Açıkça söyleyeyim; Far Cry 3’ü ayıla bayıla oynayan ve Far Cry 4’ten aynı tadı alamayan biri olarak, ilk oynanış videosunu gördüğüm andan beri Far Cry Primal’dan hiçbir beklentim yoktu. Fakat yine de karşımızda bir Far Cry oyunu var. Sonuçta Far Cry 3’ün mekanikleri temel alınarak yapılan bir oyun ne kadar kötü olabilir ki?
Ben Hepinizi Kurtarmak
Hala duymayanınız varsa Primal ile Taş Devri’ne, M.Ö. 10.000 yılına dönüyoruz. Her şeyi önceki oyunlardan taşıyarak yapılan Far Cry Primal’ın elindeki en büyük koz da bu nedenle atmosferi. Şimdiye kadar bu yapıda pek oyun görmediğimiz için Ubisoft’un oyuncuları vurabileceği temiz bir nokta vardı ve atış isabetli olmuş. Eşsiz manzaraların ve vahşi hayvanların cirit attığı Oros, Taş Devri’nin havasını buram buram koklatmayı başarıyor. O dönemde yaşamış olmasak da Takkar’ın gözlerinden medeniyetin olmadığı zamanları ilk elden görüyoruz.

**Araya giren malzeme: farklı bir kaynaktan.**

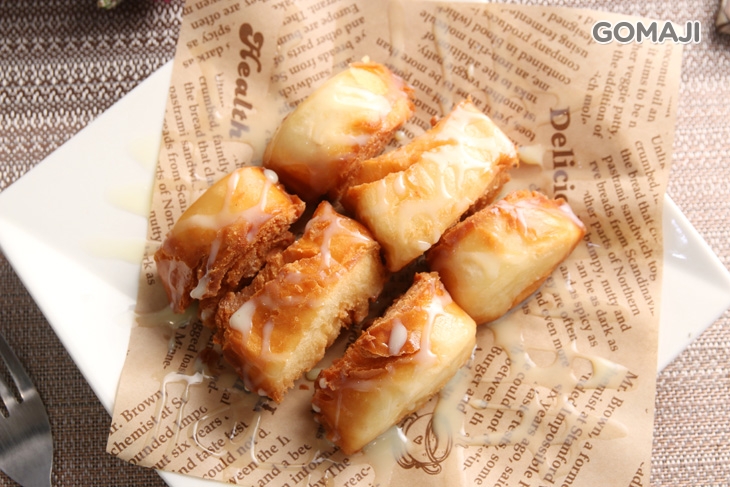 煉乳饅頭(炸)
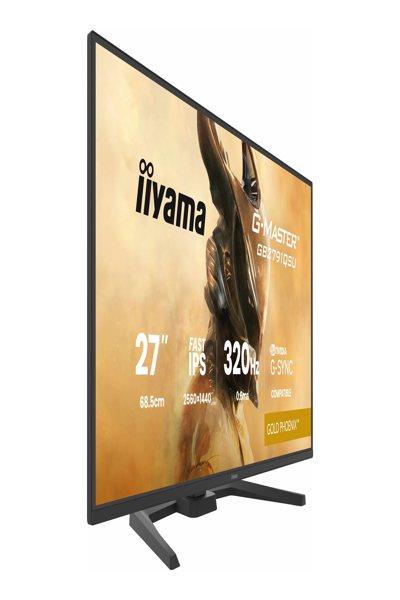 Iiyama GB2791QSU-B1 27" IPS G-Master Flat Screen - GB2791QSU-B1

Atmosfere ve oyunun dünyasına tam girmeden önce hikayeyi aradan çıkartmak istiyorum, çünkü Ubisoft da aynı yöntemi tercih etmiş. Takkar isimli, hayvanları evcilleştirme yeteneğine sahip bir adamı yönettiğimiz Far Cry Primal’daki amacımız Wenja kabilesini yeniden diriltmek. Bu doğrultuda kabilemizi sıfırdan kurarak yanımıza yandaşlar almalı, köyümüzü güçlendirmeli ve düşman kabileleri ekarte etmeliyiz.

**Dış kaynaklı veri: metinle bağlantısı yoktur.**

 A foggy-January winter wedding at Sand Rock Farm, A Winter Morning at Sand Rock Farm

Böyle bir çizgide başlayan hikaye, çizgisini hiç bozmadan devam ediyor ve sonlanıyor. Oyun boyunca hiçbir sürpriz veya çalkantılı olaylar gibi hikayeye farklılık katacak şeyler beklemeyin. Tamam, dönemin getirdiği şartlar doğrultusunda senaryodan büyük umutlarım yoktu ama bu kadarı da fazla özensizlik olmuş. Ne önceki Far Cry’lardaki ikonik kötü karakterlerin esamesi okunuyor, ne de hikayeyi farklı yönlere sürükleyecek bir akış var. Hatta oyunun doğru düzgün bir son bölümü olduğu bile söylenemez. Kabilenize kattığınız karakterler üzerinden ilerleyen hikayede çoğu zaman istediğiniz görevi istediğiniz zaman yapabiliyorsunuz. Bu sebeple, kafanızda son görev olarak belirleyebileceğiniz bir bölümü oyunun ortalarında bile yapabilirsiniz. Böyle bir ortamda merak uyandıran, kaliteli bir hikaye görmek de mümkün olmuyor. Hikayeyi umursamanızı sağlayan yegane şeyler o dönemdeki karakterlerin yapısı, davranışları ve ana görev yapma isteği…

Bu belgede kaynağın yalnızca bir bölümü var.